|Honorary Colonel Pamela Wallin's investiture address|
Senator Pamela Wallin Delivers a Speech on the Occasion of her Investiture as the First Honourary Colonel to Serve the Air Force as a Whole, at the RCAF Officers' Mess in Ottawa on Monday, November 16, 2009
Click here for audio of Senator Wallin's HCol investititure speech.
Pamela Wallin: It's a special honour to serve as an Honourary Colonel to Canada's Air Force because I join a respected and dedicated group of Canadians already in that role. And I promise to do my best to further the bond between Canadians and those who defend them. As Mr. Vaughan mentioned, I've just returned from Afghanistan with Minister MacKay and Minister Tony Clement. We attended November 11th ceremonies there with the family members of seven of our fallen soldiers. We travelled throughout Afghanistan to Kandahar, to four Forward Operating Bases, up to the Dalla Dam, and we did it all in Canadian Chinook piloted by Canadians with air cover from Canadians in the Griffon, and walking out our last morning onto the airfield , it did my heart good. It was a moment of great pride that we are now seeing our troops properly equipped and able to do their work.

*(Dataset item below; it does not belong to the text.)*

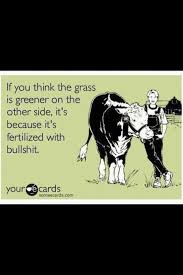 The Grass Is Always Greener On The Other Side Cartoon Geek Quotes You Cheated On Me Grammar Humor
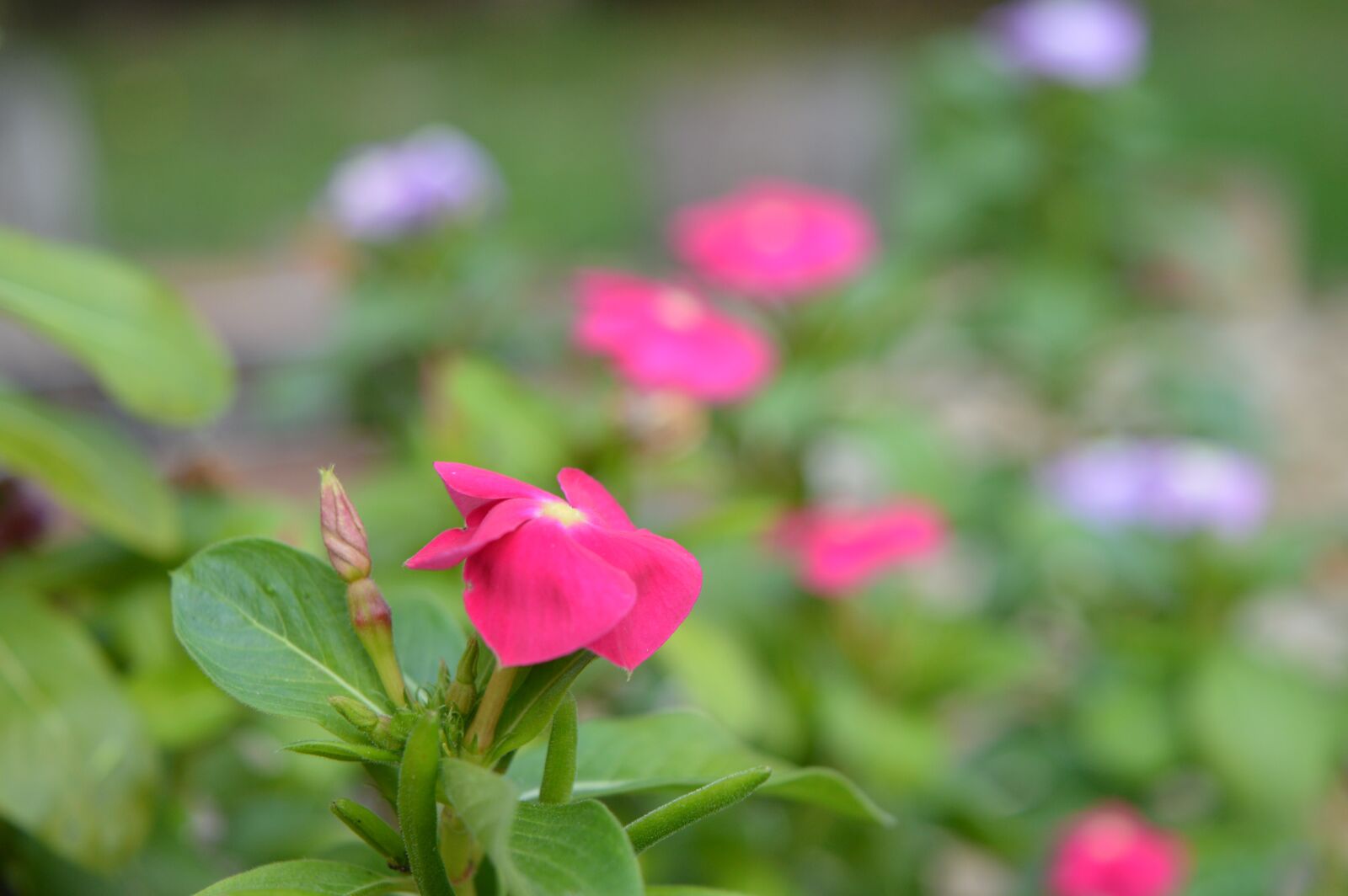 Nikon D3200 sample photo. Flower, vink of, plant photography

It was one of the recommendations of the independent panel that I was part of that concerned our Air Force particularly, and the need for secure medium-lift helicopter capability and high performance, unmanned aerial vehicles. Now, thanks to all of the hard work of the Air Force, this is all a reality. You are saving lives, and you are directly affecting combat operations. And believe me, it's working. Sometimes you feel a little guilty as a Senator or a VIP when you travel into theatre and you use the precious air assets -- and ground -- to move around. But our pilots on the day that we were moving between the FOBs were on triple duty that day, moving other Canadian soldiers and supplies, moving the so-called VIPs, but also spotting IED activity, calling in support, and blowing up some newly planted devices, saving some Canadian lives.
Our mission in Afghanistan has matured, and we are at the very heart of the allied effort. We are considered and acknowledged by our allies, including General McChrystal, who we had a chance to meet with, to be the brains of the operation. And they're all looking to put a little bit more Canada in their efforts. I remain convinced that we are in the right place for the right reasons. We chose to be there. Just as our allies had, we responded to the attacks of 9/11 that killed our citizens, and we joined the American-led operation Enduring Freedom. But because we continue to be threatened both here and there, as others try not only to kill us but to undermine what we believe in and what we stand for, we chose to stay in a very significant way. We sought out that Kandahar assignment for NATO in 2005, sending 2500 of our young men and women into the toughest part of a very tough neighbourhood.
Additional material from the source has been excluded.